Normal spiral galaxies have exponential disks and logarithmic arms (spirals). They must be interrelated and the relation is suggested to be iso-ratio. Assume that you come off the disk center by such route that the ratio of the star density on your left side to the one on your right side is constant. The route (iso-ratio curve) turns out to be a logarithmic spiral. Such distribution of iso-ratio densities is called a harmonic structure. It can be proved that arms are not harmonic and present (although small) disturbance to the harmonic disks, which explains why elliptical galaxies are clean while spiral galaxies are dusty. Some barred spiral galaxies have elliptical rings (arms). Mathematical study shows that there are very few types of harmonic structures. Most of them are axisymmetric (circularly symmetric). The only non-axisymmetric structure which I can find is the one with elliptical iso-ratio curves. The harmonic structure is handle-shaped while many barred galaxies show a set of symmetric enhancements at the ends of the stellar bar, called ansae or the “handles” of the bar. This suggests that a bar which is the additional harmonic structure to circular disk, consists of several pairs of aligned handles. In far distance from the galaxy center, the bar brightness should not approach the disk one otherwise we could not distinguish between bar and disk in the far distance. It is surprising that my model bar decreases outwards much quicker (cubic-exponential, exp(-r$^3$)) than the exponential disk (exp(-r)). My bar model fits the images of nine galaxies very well. In addition, a similar iso-ratio model fits elliptical galaxies both theoretically and numerically. Because the iso-ratio principle explains and interrelates different observational facts, it must point to some truth.

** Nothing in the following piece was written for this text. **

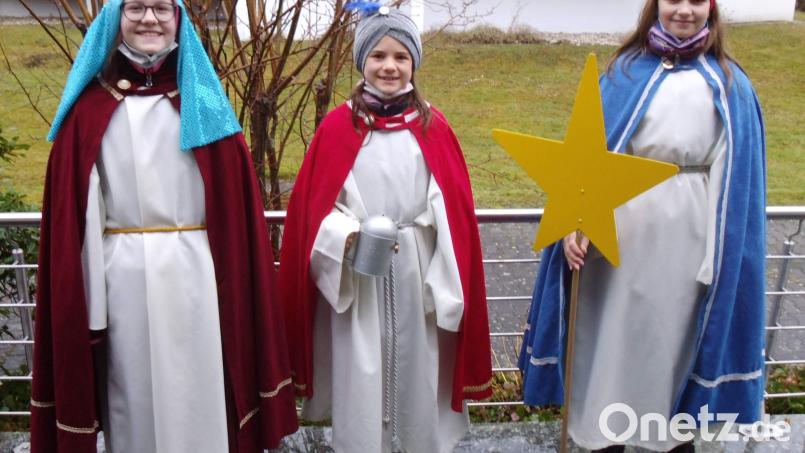 Am Montag, Dienstag und Donnerstag sind die Sternsinger im Hirschauer Stadtgebiet und in Krickelsdorf von Haus zu Haus unterwegs. Gemeindereferentin Barbara Schlosser hat sie auf ihre Aufgabe vorbereitet, bevor sie von Stadtpfarrer Johann Hofmann ausgesandt werden. Bild: u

\section{ Introduction to Galaxy Patterns }
Galaxies are much larger than the solar system. Light travels from the sun to Earth in eight minutes, and travels from one end of the Galaxy to the other end in some hundred thousand years (light travels 300,000 km in a second). Although unimaginably large, thousands of galaxies are taken of images with telescopes. Galaxies demonstrate exceptionally simple and orderly patterns. This shows that the structure of the universe should be simple too.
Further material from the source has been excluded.